Start with the header and numbering
Every invoice needs the word 'Invoice' clearly at the top so it cannot be mistaken for a quote or a receipt. Add a unique, sequential invoice number (for example INV-001, INV-002) and the date you issued it. Sequential numbering matters because it makes your records auditable and helps both you and your client track what has and hasn't been paid.
If you have agreed a separate due date or reference, include it here too. A purchase-order number, if your client uses them, should sit near the top where their accounts team will look for it.
Add who's billing and who's being billed
List your trading name, address and contact email, plus your company registration or tax number if you have one. Then add the client's name and billing address exactly as they need it for their records. Getting the legal entity name right avoids payment delays when the invoice reaches their finance team.
In practice that means your business name and address, your email and phone, your VAT or tax number if you're registered, the client's business name and billing address, and a named contact if you have one.
Itemise the work, then total it
List each product or service on its own line with a short description, quantity, unit price and line total.

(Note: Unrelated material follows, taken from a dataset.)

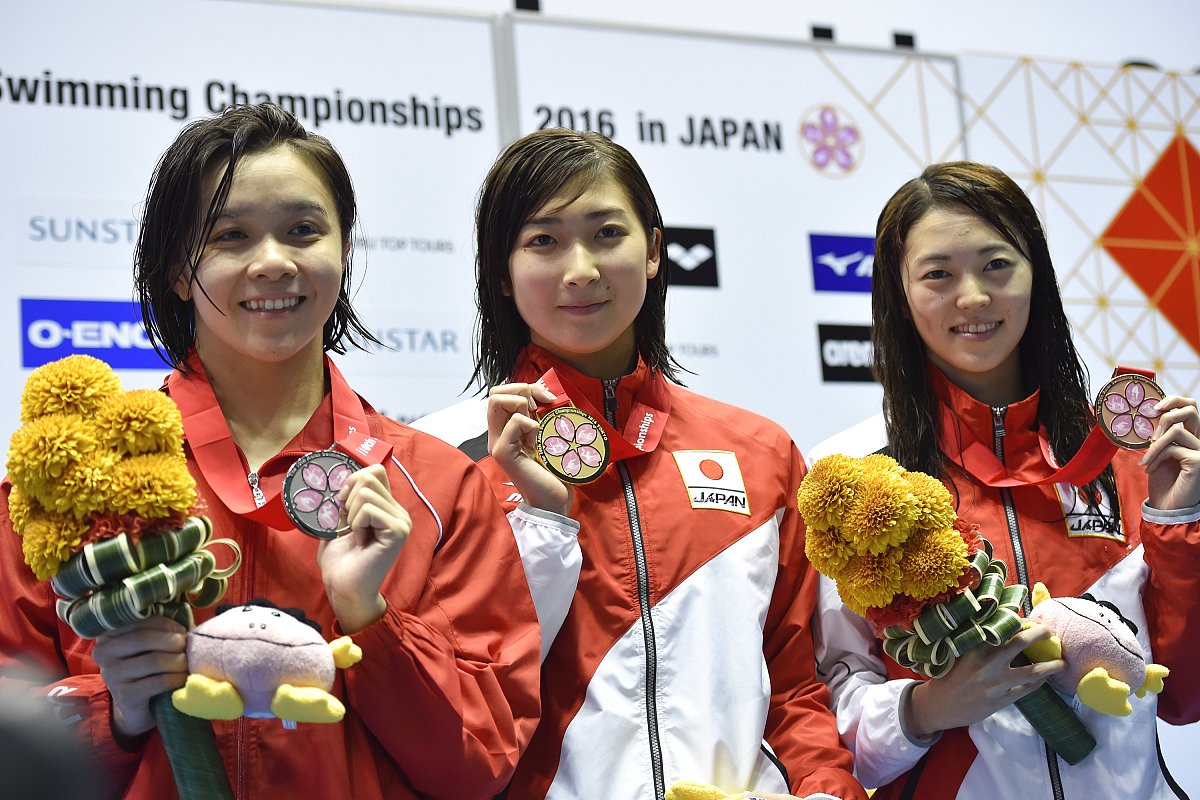 包含阿扎伦卡迎来十二赛季出色发挥,RNG观众热烈欢呼!的词条 包含阿扎伦卡迎来十二赛季出色发挥,RNG观众热烈欢呼!的词条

Add a subtotal, then any tax, then the grand total. Keeping descriptions specific ('Homepage redesign — 12 hours') protects you if a client later queries the bill.
invoiceme builds this layout for you and totals each line automatically, so you can add as many items as you need and export the finished invoice as a PDF, PNG or Word file in one click.
Close with payment terms
State when payment is due (for example 'Net 14' or 'Due on receipt') and exactly how to pay — bank details, a payment link or both. Clear terms set expectations and give you something concrete to refer back to if payment runs late.
how it works
- 01
Add the header and a unique number
Put the word 'Invoice' clearly at the top, give it a unique sequential number (INV-001, INV-002) and the issue date, plus any agreed reference or PO number.
- 02
List both parties
Add your trading name, address, contact details and tax number if registered, then the client's legal name and billing address exactly as their finance team needs them.
- 03
Itemise and total the work
Give each product or service its own line with a clear description, quantity, unit price and line total, then add a subtotal, any tax, and the grand total.
- 04
Set the payment terms
State when payment is due and exactly how to pay — bank details, a payment link or both — so there's no friction or ambiguity.
frequently asked
- Do I need accounting software to write an invoice?
- No. You can write a valid invoice in a document editor or a free browser tool. The legal requirement is the information on it, not the software you used. A dedicated invoice generator just makes it faster and reduces arithmetic mistakes.
- What is the most important thing to include on an invoice?
- A unique invoice number and a clear total with payment instructions. The number makes the invoice traceable, and clear payment details remove any excuse for delay. Missing either is the most common reason invoices stall.
- Should my first invoice be number 001?
- You can start anywhere, but it should be sequential from then on. Some businesses start higher (e.g. 1001) so early clients don't see it's their first invoice. The key rule is no gaps or duplicates.